A partir de esto se creó el primer sistema de agua corriente y se establecieron políticas de aislamiento de los enfermos. Se fundó el Consejo de Higiene (1869) y se organizó la Junta de Sanidad Nacional. Ese año el presidente y el secretario del Consejo de Higiene, los doctores Luis María Drago y Leopoldo Montes de Oca, formularon una propuesta de Reglamento de Policía Sanitaria Marítima para la República Argentina con el cual se apuntaba a establecer barreras preventivas ante las epidemias. Lamentablemente todas estas medidas fueron más declarativas que reales. Ya por ese entonces la formación y la práctica médica se orientaban más a curar enfermedades que al cuidado de la salud del pueblo sano. Tanto es así que el cólera volvió en 1872 en un barco genovés que fue aceptado en el puerto de Buenos Aires a pesar de haber sufrido 22 muertes durante su travesía. Posteriormente, en 1874, se realizó una conferencia entre Brasil, Uruguay y Argentina para evitar el arribo de epidemias ultramarinas. Y comenzaron a aplicarse algunos de los postulados con más eficiencia pero los resultados no fueron todo lo bueno que se esperaba. De todas formas se estableció una autoridad sanitaria en el puerto que daba patente “limpia” o “sucia” a los barcos y establecía las cuarentenas. A pesar de ello el cólera regresó en 1886 debido a deficiencias del propio sistema y de su aplicación. Para ese entonces la aldea porteña contaba con algunos servicios de agua y cloacas, la Casa de Aislamiento, médicos y estudiantes de medicina y las flamantes estudiantes de enfermería que pudieron contener mejor la situación disminuyendo el número de muertos. Pero la infección se propagó hacia el interior del país donde fue peor que en otras oportunidades. Sólo en Rosario, que por entonces contaba con 50.000 habitantes, se produjeron más de 1000 decesos. Posteriormente hubo un último brote en 1894 y 1895.

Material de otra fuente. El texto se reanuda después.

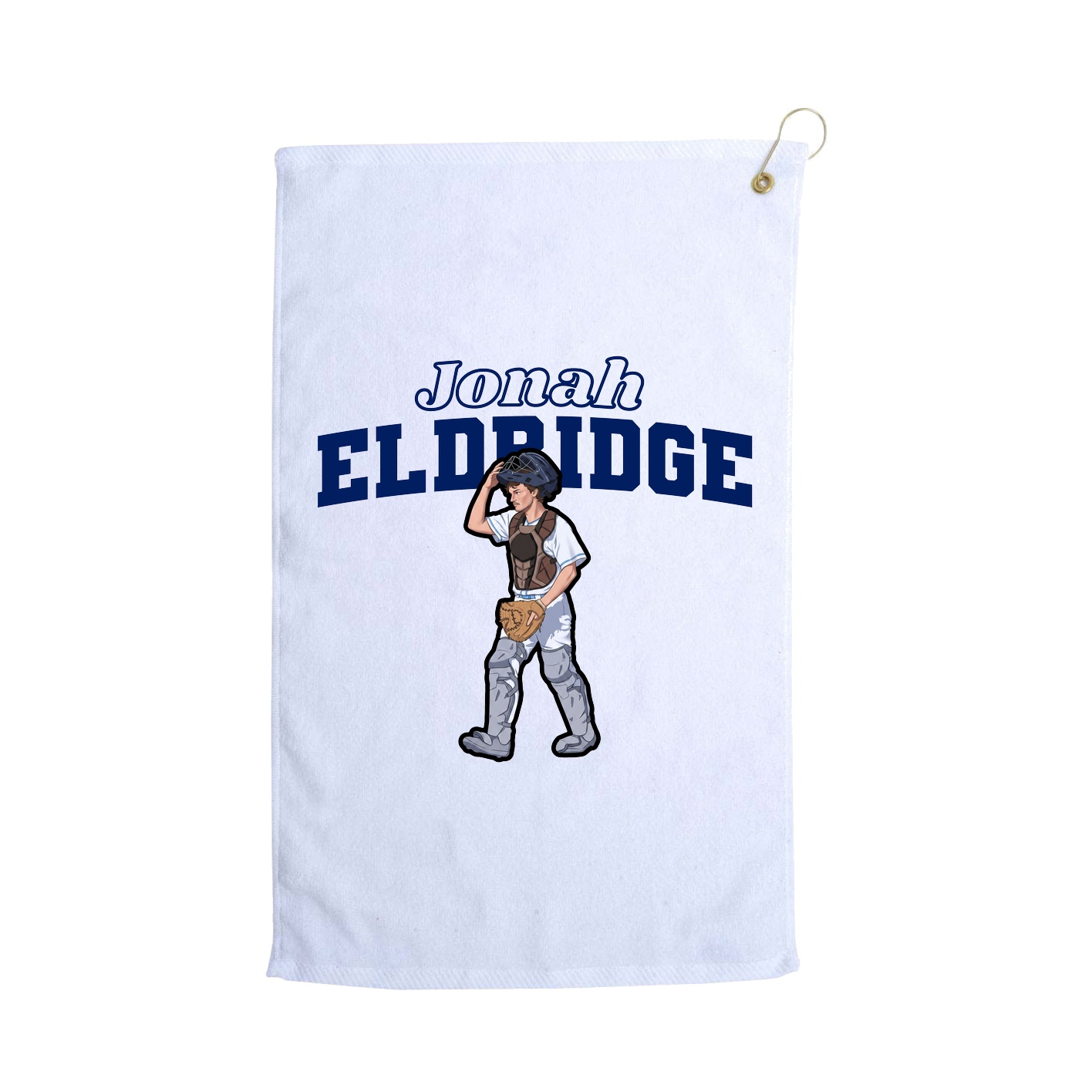 Golf Towel — Name Arch in White
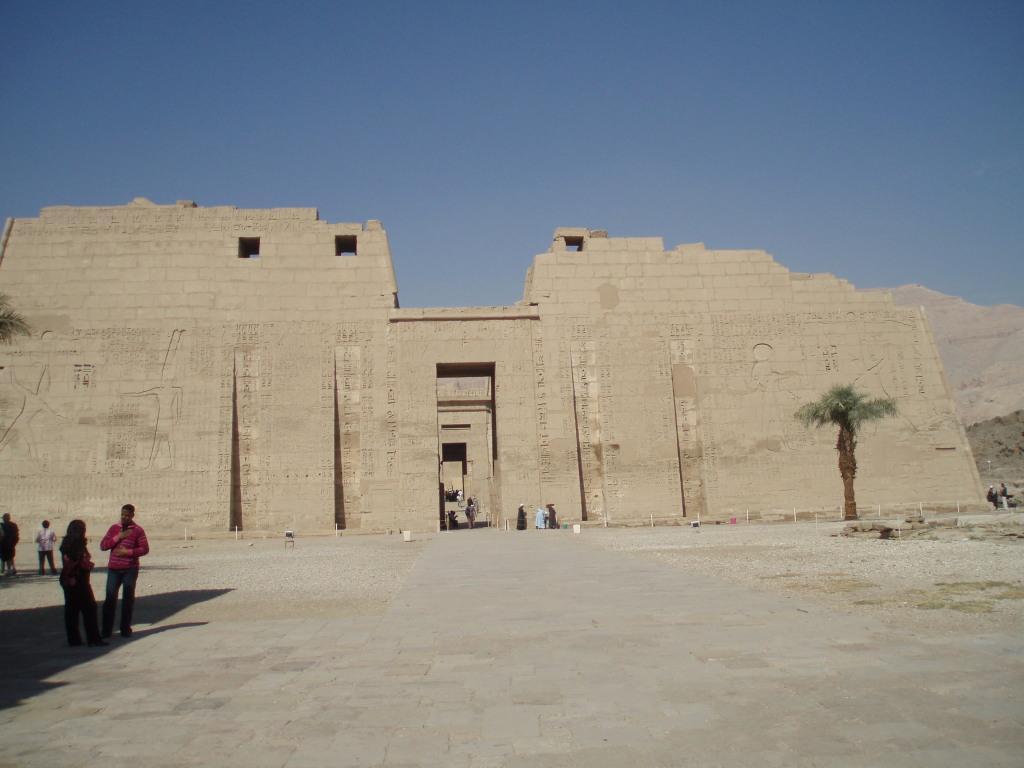 Pylons of the Mortuary Temple of Ramses III at Medinet Habu. The reliefs describe the pharaoh's military campaigns.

–¿Cómo fue que se empezaron a desarrollar los hospitales públicos en la Argentina?
–Los primeros hospitales pertenecían a las órdenes religiosas. En 1816, se clausura el Hospital de Santa Catalina y se pasan los pacientes al de Residencia desplazando a los padres betlemitas de la administración. Este hecho constituyó la creación del primer hospital público civil en manos del Estado. Un año antes se había inaugurado el Hospital Militar de Santa Fe. Durante la década de 1840 también se crearon los hospitales de la comunidad británica y francesa. A medida que iba cambiando la concepción de la organización sanitaria las instituciones se fueron transformando. Así la Casa de Niños Expósitos, que se hacía cargo de los niños abandonados, generalmente en casas pudientes y en iglesias, se convierte en luego en hospital en 1905 (actualmente Pedro de Elizalde); la Casa de Aislamiento pasa a ser el Hospital Muñiz, etcétera.
Obviamente hay un antes y un después en la historia de la salud pública argentina desde la asunción del peronismo y el nombramiento del Dr. Ramón Carrillo como secretario de Salud en 1946 y elevando la estructura a rango de ministerio y designándolo ministro en 1949.
–¿Qué nos puede contar del Dr. Ramón Carrillo?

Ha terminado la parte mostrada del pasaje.